:: Task objective ::
Whenever "Used" appears in a line, please copy that line from the data.

____

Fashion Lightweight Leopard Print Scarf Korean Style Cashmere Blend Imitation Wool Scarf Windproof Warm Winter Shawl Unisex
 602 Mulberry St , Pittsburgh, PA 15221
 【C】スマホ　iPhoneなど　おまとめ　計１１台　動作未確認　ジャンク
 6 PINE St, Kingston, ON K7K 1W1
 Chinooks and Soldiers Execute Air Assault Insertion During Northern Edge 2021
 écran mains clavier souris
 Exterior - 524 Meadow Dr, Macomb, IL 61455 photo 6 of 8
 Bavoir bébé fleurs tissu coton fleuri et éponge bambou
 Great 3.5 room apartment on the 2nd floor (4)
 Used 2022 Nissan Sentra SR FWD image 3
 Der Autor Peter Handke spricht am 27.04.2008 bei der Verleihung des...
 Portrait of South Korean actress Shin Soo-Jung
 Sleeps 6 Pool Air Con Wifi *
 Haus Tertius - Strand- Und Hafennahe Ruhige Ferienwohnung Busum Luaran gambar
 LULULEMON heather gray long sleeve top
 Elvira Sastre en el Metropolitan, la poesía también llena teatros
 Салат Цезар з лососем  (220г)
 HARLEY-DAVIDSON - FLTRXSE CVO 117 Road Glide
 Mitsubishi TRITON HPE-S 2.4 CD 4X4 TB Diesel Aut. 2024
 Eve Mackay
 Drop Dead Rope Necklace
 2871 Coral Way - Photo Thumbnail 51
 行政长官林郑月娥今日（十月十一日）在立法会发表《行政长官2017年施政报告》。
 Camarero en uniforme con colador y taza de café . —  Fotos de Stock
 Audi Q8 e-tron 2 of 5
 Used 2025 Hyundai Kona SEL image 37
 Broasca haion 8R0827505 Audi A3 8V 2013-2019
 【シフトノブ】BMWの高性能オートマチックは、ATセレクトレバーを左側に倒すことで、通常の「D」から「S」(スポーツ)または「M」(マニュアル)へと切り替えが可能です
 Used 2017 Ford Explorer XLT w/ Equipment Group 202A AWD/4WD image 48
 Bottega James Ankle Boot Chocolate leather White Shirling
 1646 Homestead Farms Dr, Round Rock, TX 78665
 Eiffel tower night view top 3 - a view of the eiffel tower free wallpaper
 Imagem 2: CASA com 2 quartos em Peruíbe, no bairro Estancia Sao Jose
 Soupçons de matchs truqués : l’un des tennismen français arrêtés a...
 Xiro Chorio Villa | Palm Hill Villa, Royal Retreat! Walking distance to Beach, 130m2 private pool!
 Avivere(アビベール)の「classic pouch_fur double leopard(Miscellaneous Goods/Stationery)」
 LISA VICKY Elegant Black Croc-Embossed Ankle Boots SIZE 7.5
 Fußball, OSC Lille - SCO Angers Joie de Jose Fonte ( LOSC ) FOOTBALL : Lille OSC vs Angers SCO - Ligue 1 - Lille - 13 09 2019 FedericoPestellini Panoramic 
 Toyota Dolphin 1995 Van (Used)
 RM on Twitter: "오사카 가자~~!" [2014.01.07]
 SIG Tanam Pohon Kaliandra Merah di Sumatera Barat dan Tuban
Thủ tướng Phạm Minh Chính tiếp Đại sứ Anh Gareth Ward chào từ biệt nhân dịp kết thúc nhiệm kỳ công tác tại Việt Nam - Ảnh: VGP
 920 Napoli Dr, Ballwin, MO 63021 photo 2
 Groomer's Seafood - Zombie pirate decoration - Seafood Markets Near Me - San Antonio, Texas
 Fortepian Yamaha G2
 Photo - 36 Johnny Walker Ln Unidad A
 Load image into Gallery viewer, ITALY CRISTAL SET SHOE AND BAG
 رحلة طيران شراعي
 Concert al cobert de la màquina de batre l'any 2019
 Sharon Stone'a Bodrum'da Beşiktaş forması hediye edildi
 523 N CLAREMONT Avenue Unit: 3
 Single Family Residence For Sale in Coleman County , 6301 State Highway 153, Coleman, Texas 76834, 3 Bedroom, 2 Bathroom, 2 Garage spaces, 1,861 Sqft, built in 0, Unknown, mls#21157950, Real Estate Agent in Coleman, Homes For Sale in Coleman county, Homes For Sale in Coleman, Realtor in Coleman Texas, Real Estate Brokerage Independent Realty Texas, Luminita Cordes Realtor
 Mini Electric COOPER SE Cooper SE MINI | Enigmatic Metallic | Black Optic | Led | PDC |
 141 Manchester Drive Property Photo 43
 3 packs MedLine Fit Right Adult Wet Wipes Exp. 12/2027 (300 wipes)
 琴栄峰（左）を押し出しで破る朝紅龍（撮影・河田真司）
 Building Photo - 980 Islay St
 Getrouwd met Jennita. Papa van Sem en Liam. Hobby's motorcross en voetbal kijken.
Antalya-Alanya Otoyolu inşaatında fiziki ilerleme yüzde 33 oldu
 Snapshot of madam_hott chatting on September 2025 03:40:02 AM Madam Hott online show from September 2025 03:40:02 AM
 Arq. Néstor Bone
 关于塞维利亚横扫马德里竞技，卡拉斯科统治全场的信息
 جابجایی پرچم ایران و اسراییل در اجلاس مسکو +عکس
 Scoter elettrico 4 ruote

____

:: Exercise result ::
 Used 2022 Nissan Sentra SR FWD image 3
 Used 2025 Hyundai Kona SEL image 37
 Used 2017 Ford Explorer XLT w/ Equipment Group 202A AWD/4WD image 48
 Toyota Dolphin 1995 Van (Used)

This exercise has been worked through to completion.